Rose believes a similar misunderstanding was behind the bill's failure in New Hampshire. "It was not even clear that after all our efforts, the legislators knew the difference between psychiatrists and psychologists, the difference between master's level and doctoral level psychologists, and the extent of training we were proposing in psychopharmacology," she says. A study bill, which Rose says will allow for more in-depth analysis of the key issues, will be presented next year.

While the amount of training that prescribing psychologists would be required to undergo could vary from state to state, there would be a considerable transition period between the time of a bill's passing and when psychologists actually begin prescribing. In New Mexico, prescribing psychologists must finish 450 hours of post-doctoral academic work, and see 100 patients under supervision. This period is followed by a licensing exam, and gradually less supervision before independent practice is permitted. In addition, a committee comprised of psychologists and medical examiners is collaborating on how to implement specific points of the bill. According to Elaine LeVine, Ph.D., who served on the New Mexico Psychological Association task force, a report on the committee's progress is expected this month, and psychologists could begin prescribing not long after.

"My hope is that we could have psychologists in their sites do some prescribing under supervision by the end of 2003 or beginning of 2004," she says. Supporters and opponents will doubtless be watching the process in New Mexico as it continues. "It is more difficult to get the first state law passed," Newman says. "It's always an evolutionary process, an educational process of legislators and the public. In each state, the circumstances are different."
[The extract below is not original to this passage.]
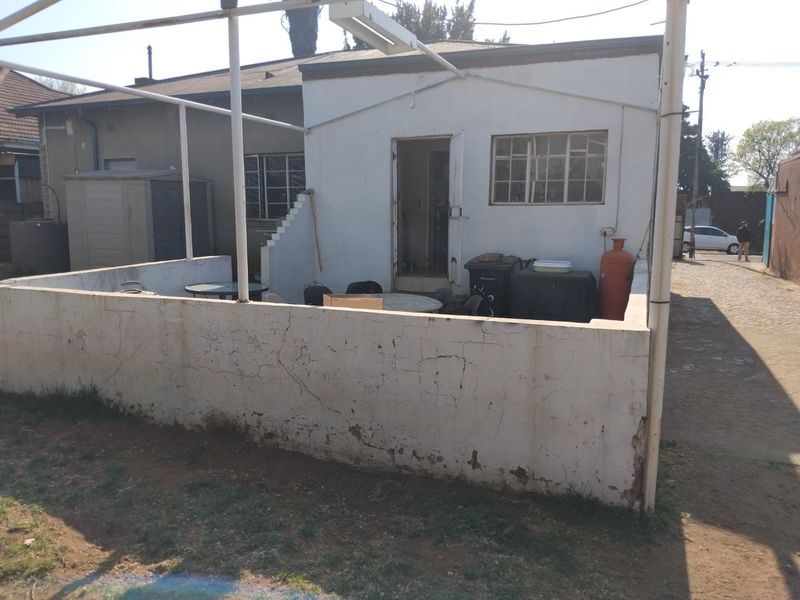 Rear exterior view of the property featuring a covered patio area with a low masonry wall and steel-framed windows.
In projecting the likely success of psychologists in prescribing medication, Newman points to the findings of the U.S. Department of Defense's Psychopharmacology Demonstration Project, in which 10 military psychologists were trained to prescribe medications during a two-year program. "Licensed clinical psychologists prescribed medications safely and effectively, and performed with excellence wherever they served," he says. He adds that they were also less apt to prescribe than their psychiatric counterparts.

Newman says that one thread running through the opposition to prescription privileges is that pharmacology training might change the identity of psychologists. "There's a fear that this will change the profession, and that they would be more like physicians, and less like psychologists," he says.

Yet psychologists such as Schwarzchild insist that having the authority to prescribe would give therapists an additional tool in which to help their clients, and not change their fundamental purpose. "The bottom line is to be of more help in easing patients' emotional pain and helping them with behavioral problems," he says. "A one-hour evaluation isn't enough compared to week-after-week sessions. To learn to use medication as a tool effectively and well is something we should be able to do to help us serve our patients."